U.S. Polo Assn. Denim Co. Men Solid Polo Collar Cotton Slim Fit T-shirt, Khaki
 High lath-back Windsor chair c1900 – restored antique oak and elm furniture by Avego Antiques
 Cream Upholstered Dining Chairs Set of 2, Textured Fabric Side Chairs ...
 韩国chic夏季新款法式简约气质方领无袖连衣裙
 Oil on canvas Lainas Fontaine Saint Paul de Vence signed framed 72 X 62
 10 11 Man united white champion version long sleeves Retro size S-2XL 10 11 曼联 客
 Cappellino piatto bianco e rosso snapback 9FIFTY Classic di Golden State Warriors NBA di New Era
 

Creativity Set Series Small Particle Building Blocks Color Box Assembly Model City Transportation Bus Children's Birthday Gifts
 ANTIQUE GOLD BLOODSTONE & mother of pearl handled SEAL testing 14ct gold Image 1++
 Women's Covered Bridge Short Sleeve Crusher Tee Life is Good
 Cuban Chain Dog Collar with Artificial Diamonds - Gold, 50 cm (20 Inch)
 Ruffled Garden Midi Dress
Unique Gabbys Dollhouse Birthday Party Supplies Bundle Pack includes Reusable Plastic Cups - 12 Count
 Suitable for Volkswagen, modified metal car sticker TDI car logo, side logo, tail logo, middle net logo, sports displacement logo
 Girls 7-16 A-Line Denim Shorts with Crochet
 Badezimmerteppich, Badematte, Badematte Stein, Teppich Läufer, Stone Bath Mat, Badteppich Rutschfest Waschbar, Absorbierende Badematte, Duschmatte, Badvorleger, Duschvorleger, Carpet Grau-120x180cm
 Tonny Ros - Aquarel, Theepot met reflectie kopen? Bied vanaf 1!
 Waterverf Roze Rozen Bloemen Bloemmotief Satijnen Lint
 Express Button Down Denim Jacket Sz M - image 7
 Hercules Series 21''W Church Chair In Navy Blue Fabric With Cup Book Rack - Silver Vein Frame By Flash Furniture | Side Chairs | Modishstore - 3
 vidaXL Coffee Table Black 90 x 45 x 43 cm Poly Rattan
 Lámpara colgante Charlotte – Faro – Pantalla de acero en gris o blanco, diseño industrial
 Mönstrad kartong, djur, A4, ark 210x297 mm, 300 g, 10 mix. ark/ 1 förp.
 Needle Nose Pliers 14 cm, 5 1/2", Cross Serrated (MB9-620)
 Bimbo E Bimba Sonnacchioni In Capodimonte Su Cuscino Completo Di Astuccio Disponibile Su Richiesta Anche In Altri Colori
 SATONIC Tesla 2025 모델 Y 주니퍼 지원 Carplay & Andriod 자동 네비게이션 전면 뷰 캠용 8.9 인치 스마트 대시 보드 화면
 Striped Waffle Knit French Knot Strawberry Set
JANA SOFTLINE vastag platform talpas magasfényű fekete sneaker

○ ○ ○ ○ ○

### About this exercise
Could you set down, exactly as written, the lines above between the one holding "Suitable for Volkswagen, modified" and the one holding "Girls 7-16 A-Line Denim Shorts with Crochet", inclusive, and nothing more?

### Exercise response
 Suitable for Volkswagen, modified metal car sticker TDI car logo, side logo, tail logo, middle net logo, sports displacement logo
 Girls 7-16 A-Line Denim Shorts with Crochet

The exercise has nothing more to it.